# WHAT THE TASK REQUIRES
Restate the data below word for word. Skip any images it contains.

# Brief descriptive captions
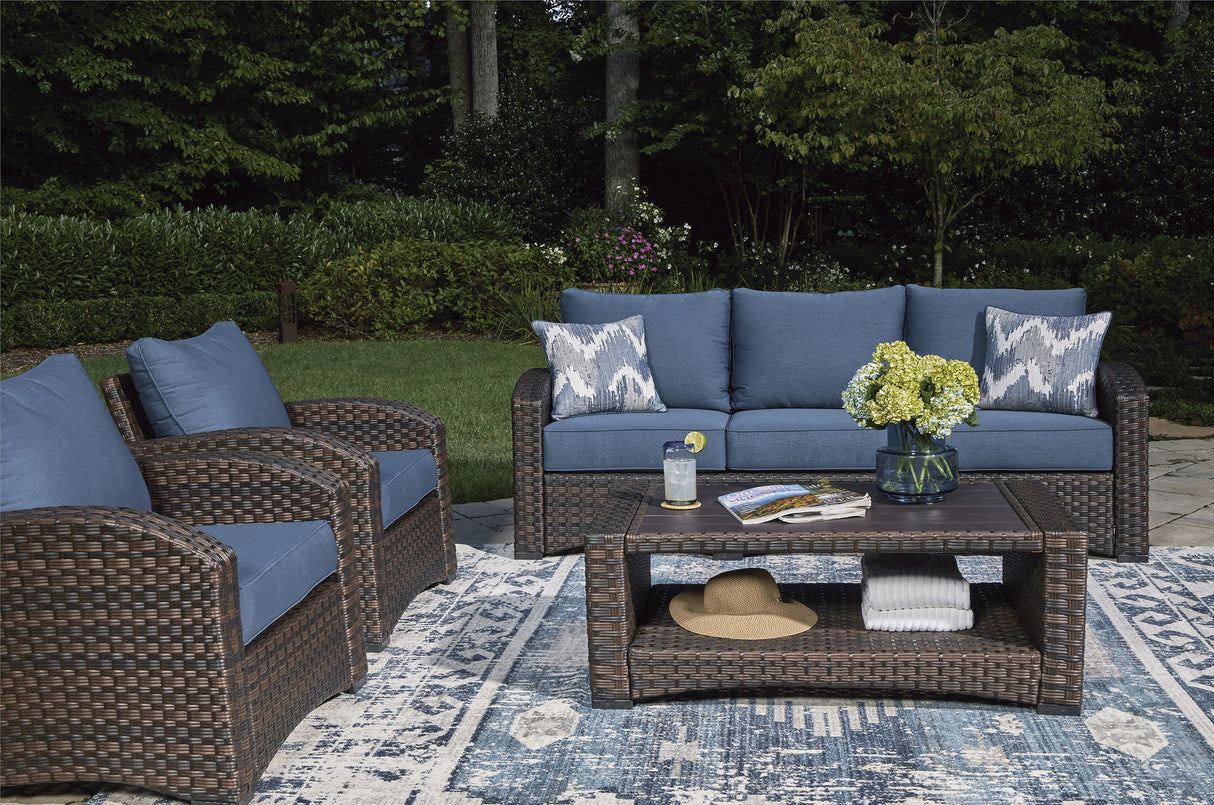 Windglow Blue And Brown Outdoor Living Room Set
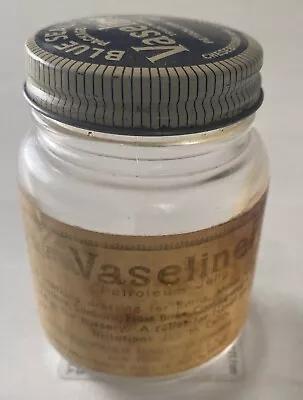 Vintage Vaseline Petroleum Jelly Blue Seal Glass Jar 3 1/2 Oz • $16.99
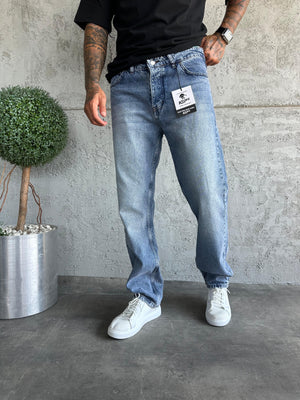 Mavi Taşlamalı Baggy Jean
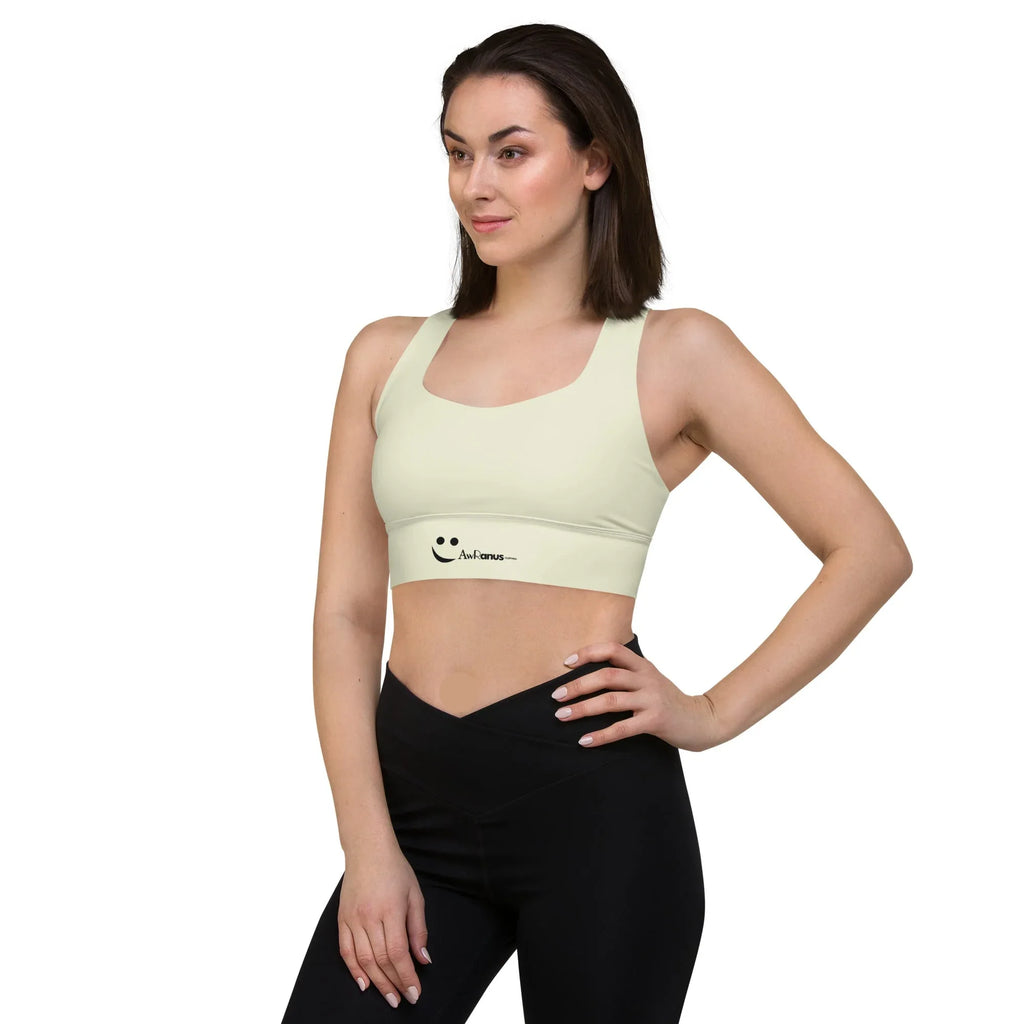 Recycled Longline Sports Bra Sports Bra AwRans Clothing all-over-print-recycled-longline-sports-bra-white-left-front-67ec17a113873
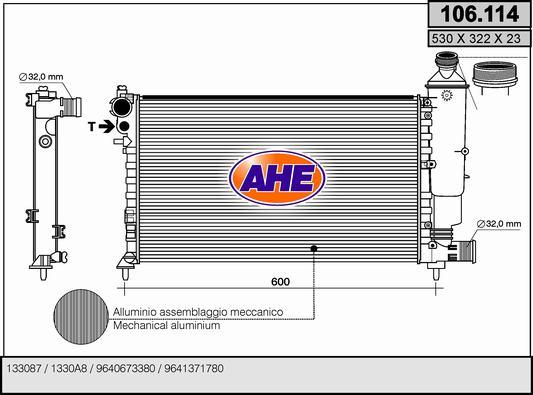 AHE 106.114 - Radiators, Motora dzesēšanas sistēma autodraugiem.lv
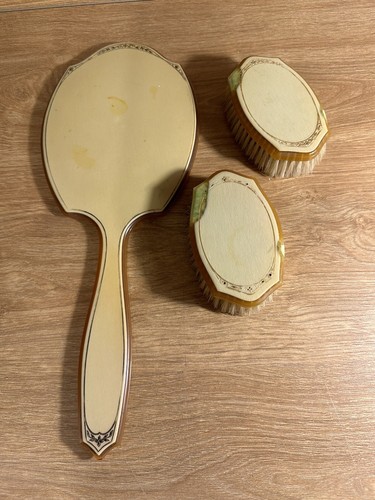 Vtg art deco handheld mirror - deco,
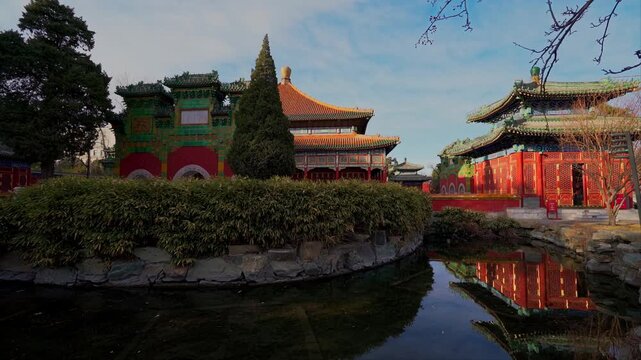 Xiaoxitian Temple Complex Beihai Park Beijing China Traditional Architecture Water Reflection Sunset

# ANSWER SPACE
 Windglow Blue And Brown Outdoor Living Room Set
 Vintage Vaseline Petroleum Jelly Blue Seal Glass Jar 3 1/2 Oz • $16.99
 Mavi Taşlamalı Baggy Jean
 Recycled Longline Sports Bra Sports Bra AwRans Clothing all-over-print-recycled-longline-sports-bra-white-left-front-67ec17a113873
 AHE 106.114 - Radiators, Motora dzesēšanas sistēma autodraugiem.lv
 Vtg art deco handheld mirror - deco,
 Xiaoxitian Temple Complex Beihai Park Beijing China Traditional Architecture Water Reflection Sunset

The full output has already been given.